Im Song »Rotkohl« vom ZM besingt ihr das Elend, die Hölle des Kleinstadtlebens. Jetzt ist die Hölle für dich in Berlin, in der Großstadt verortet. Läuft es am Ende auch auf dasselbe hinaus?
Nein. Berlin hat, genauso wie die Kleinstadt, ja durchaus auch das Potenzial zu einem waschechten Paradies. Die Hölle entfaltet sich erst so richtig, wenn man für ein verficktes 40-m²-Kabuff 900 Euro Miete zahlen soll und im Badezimmer ist Teppich verlegt worden.
Die Figur Kurtz aus Conrads »Heart of Darkness« ist im Urwalddschungel auf der Suche nach seiner eigenen Identität dem Wahnsinn anheimgefallen. Ist selbiger Dschungel für dich Berlin, die Stadt der scheiternden Existenzen?
Hm, zumindest gibt es genügend Leute, die irgendwo zwischen den beiden Polen Start-up-Gründung und Ayahuasca-Selbsterfahrungstrip bei irgendeinem Uwe im dornigen Gestrüpp ihrer Seele verlorengegangen sind.

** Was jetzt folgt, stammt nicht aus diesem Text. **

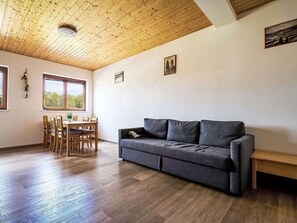 Bilderrahmen, Möbel, Eigentum, Couch, Holz, Interior Design, Komfort, Fussboden, Flooring, Wohnzimmer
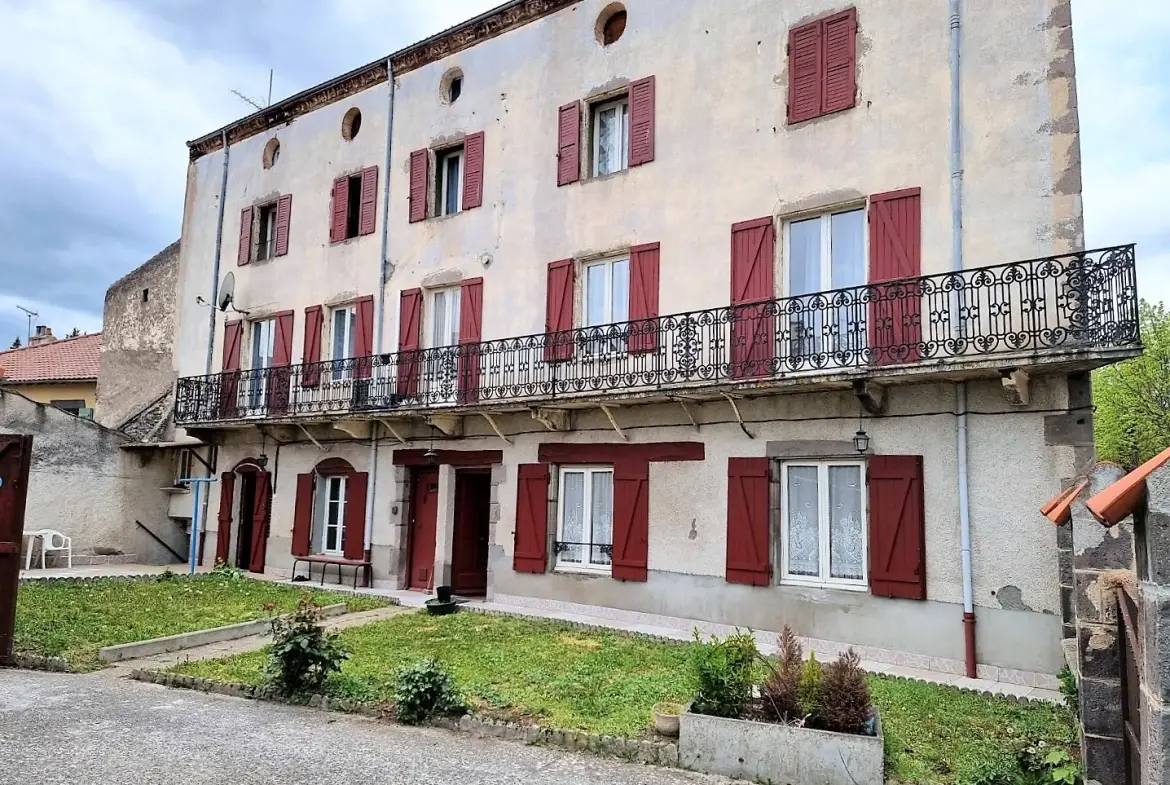 Maison de bourg de 204m2 avec terrain et garage à acheter à Saint-Amant-Tallende avec HP Immobilier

Auch auf »Abel 19« erfährt man von einer Begebenheit, die so nach Dorf klingt. Und gleichzeitig ist es der Punkt, wo du dich in Graf Grim verwandelst, der durch Berlins Unterwelt zieht. Gibt es ein vergleichbar initiatives Erlebnis, das dich dazu gebracht hat, deine Heimat/dein Herkunftsdorf zu verlassen oder woanders nach dem Glück zu suchen?
Ach, auf einer Party totgeschlagen werden, dass kann einem leider wahrscheinlich an jedem Ort der Welt, wo es Partys mit mehr als einem Gast gibt, passieren. Aber diesen Initialmoment gab es nicht, nur sehr viel Spuckepfützen in Bushaltestellen, die einen irgendwann ersäuft hätten.

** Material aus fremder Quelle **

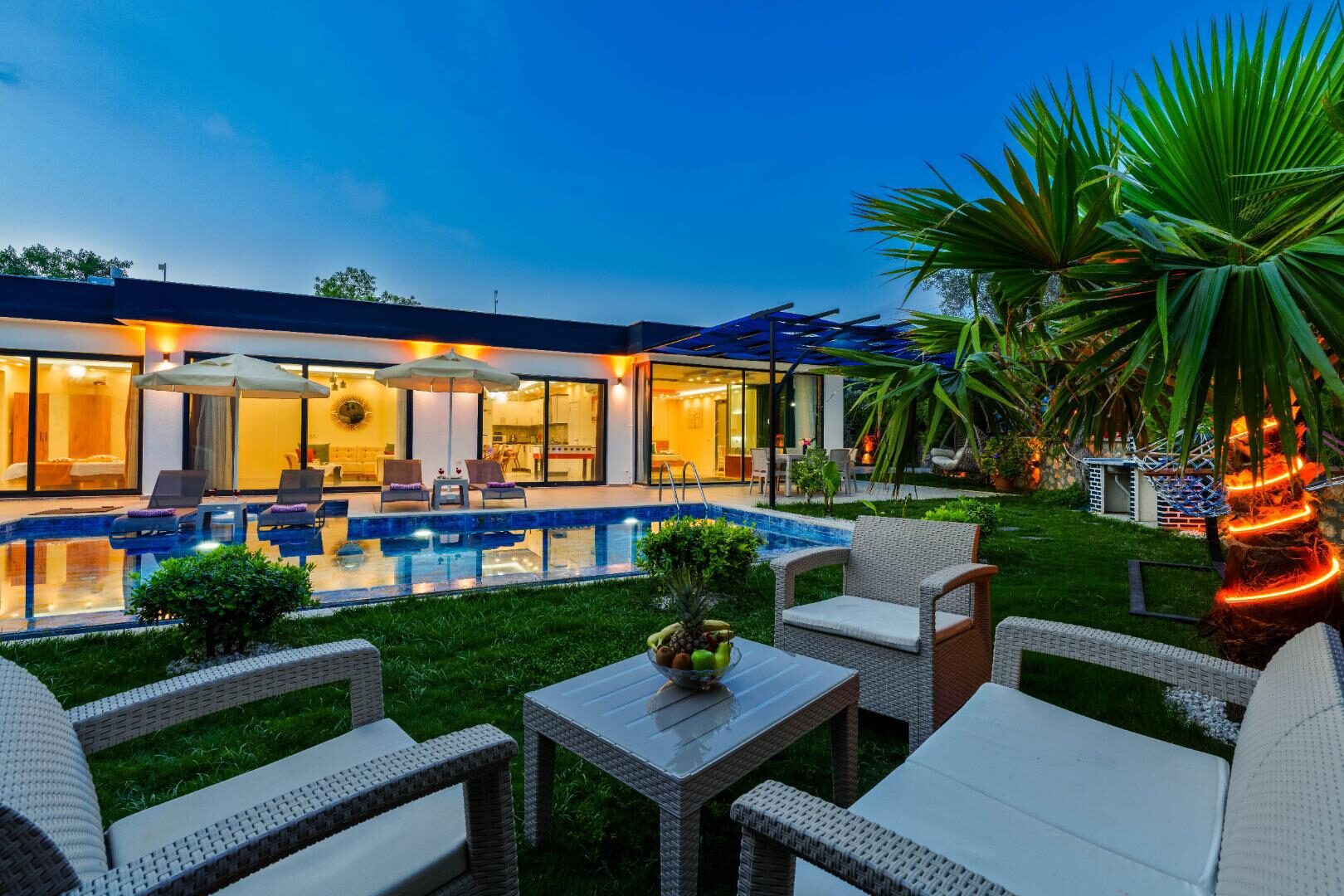 Villa Elena 1 — 20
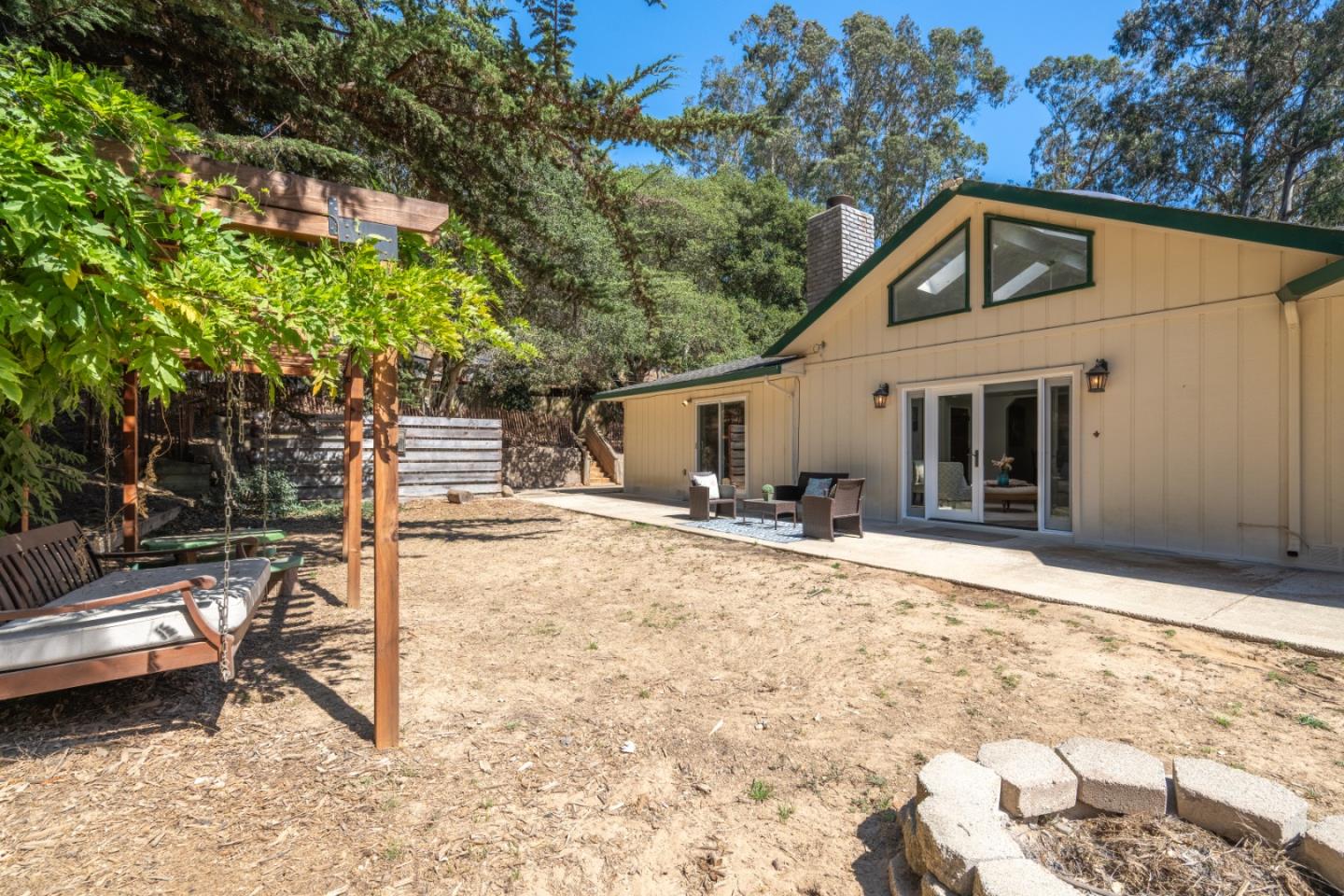 Detail Gallery Image 16 of 47 For 405 Paradise Rd, Salinas,  CA 93907 - 4 Beds | 3 Baths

In »Das Grauen« sprichst du über den Horror, der einen verfolgt, den Umgang mit der Vergangenheit. Der Horror, das ist auch irgendwie Deutschland, oder?
Auf ʼne Art. »Doch deinem Horror kannst du niemals entkommen / Und je älter du wirst, desto größer und böser / Wird es, das Monster am Horizont«.
Viele finden das Leben zu kurz, doch ein Vampir will auch niemand sein. Was glaubst du macht dieses Morbide, Horrormäßige heute wieder so interessant?
Ich glaube, dass es mehrere Gründe gibt. Zum einem bieten alle Horrorfilme, alles lustvoll Schauderhafte eine softe, sichere Annäherung an Todesangst und echte Gefahr, ein bisschen wie Bungeejumping vom Sofa aus. (Macht man überhaupt noch Bungeejumping oder kriege ich gleich ein »OK BOOMER!« an den Kopf geworfen?) Und dann ist es natürlich eine Möglichkeit, sich in Zeiten von Selbstoptimierung und Selbstvermarktung bei Insta und Co., wo ja möglichst viel #healthylifestyle und #acaibowl propagiert wird, mit der eigenen Vergänglichkeit und dem letzten, großen Rätsel, dem Tod, zu beschäftigen.